I believe JLK is doing a huge disservice to the spirit and message of the 12-step program. I think the 12 steps is a beautiful program with a beautiful solution and method to addiction. Unfortunately the attitude JLK displays on this blog is not uncommon within the program- i think it stems, rather ironically, from a lack of understanding and practice of the very program these individuals purport to represent. I would suggest strongly that JLK re-read the first 164 pages of the Big Book of AA, and diligently put those ideas into practice FIRST, before telling everyone around how they need to recover from addiction. Apparently JLK, I think you missed the “love and tolerance is our code” part of the program and likely the entire chapter on carrying the message- it says we carry our “experience, strength and hope,” not our “attitude, judgement, and expertise”.
I am a huge supporter of the 12 step method, and I do know very, very, well what it says in the first 164 pages of that book, so JLK or whomever, please test that out if you feel the need.
Btw Marc, it is your somewhat distant cousin Peter, I met you at the book signing in Toronto with my father Michael. I really love the blog!

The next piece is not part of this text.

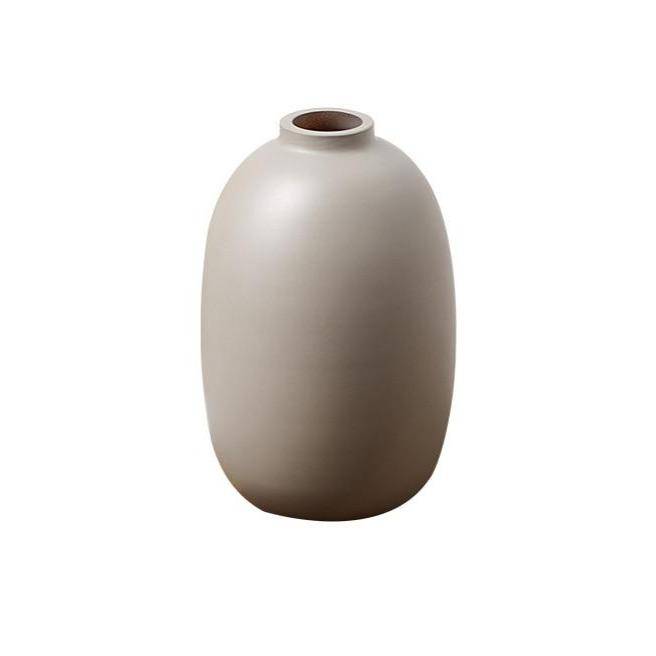 Vase design en céramique colorée Creative - vue 9 sur 10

Hi Peter! Welcome aboard. I do remember you, and I’m glad you’ve gotten in touch — at least through the blog. You’re welcome to send me an email if you’d like to talk more.
As to JLK’s message here — there have been several subsequent posts and lots of comments dealing with the pro’s and cons of AA/NA, and JLK has been rather vociferous throughout. There has also been a lot of debate about tone, exclusivity, and about the definition of a “true addict”. Take a look.